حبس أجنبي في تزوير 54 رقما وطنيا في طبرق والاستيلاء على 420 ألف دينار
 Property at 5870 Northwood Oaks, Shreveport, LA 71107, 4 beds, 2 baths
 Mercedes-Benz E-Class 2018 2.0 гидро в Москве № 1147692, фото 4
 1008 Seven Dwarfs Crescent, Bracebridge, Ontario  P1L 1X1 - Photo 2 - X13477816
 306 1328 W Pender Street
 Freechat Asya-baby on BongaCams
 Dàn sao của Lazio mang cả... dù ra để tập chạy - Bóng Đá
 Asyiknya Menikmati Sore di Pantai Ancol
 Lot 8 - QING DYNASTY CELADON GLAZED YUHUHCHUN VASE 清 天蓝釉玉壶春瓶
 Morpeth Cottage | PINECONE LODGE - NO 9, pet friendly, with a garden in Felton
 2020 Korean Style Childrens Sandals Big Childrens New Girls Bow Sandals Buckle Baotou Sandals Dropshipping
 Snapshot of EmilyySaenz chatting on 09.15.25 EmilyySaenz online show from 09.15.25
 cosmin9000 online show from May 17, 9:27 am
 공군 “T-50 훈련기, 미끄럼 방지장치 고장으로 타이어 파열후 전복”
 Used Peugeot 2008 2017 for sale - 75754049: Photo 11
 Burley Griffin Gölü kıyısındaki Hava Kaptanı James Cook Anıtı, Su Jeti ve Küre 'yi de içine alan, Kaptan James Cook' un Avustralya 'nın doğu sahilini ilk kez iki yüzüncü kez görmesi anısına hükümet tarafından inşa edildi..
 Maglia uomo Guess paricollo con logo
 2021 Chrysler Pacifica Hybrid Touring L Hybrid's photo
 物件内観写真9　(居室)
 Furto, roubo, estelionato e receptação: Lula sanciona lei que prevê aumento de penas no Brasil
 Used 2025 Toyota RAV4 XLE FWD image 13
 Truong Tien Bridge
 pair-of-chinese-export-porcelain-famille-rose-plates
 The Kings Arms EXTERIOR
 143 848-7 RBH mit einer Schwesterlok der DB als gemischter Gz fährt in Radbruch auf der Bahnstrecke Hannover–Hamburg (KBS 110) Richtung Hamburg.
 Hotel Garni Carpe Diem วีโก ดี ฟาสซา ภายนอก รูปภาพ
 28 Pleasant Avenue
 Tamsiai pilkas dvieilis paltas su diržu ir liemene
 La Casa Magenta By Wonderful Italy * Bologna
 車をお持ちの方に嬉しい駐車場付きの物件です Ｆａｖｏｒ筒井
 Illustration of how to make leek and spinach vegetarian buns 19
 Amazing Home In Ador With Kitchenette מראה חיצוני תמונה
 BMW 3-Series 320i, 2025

_____

### WHAT IS BEING ASKED
Return every line holding the word "Used" from the records.

### RESULT BELOW
 Used Peugeot 2008 2017 for sale - 75754049: Photo 11
 Used 2025 Toyota RAV4 XLE FWD image 13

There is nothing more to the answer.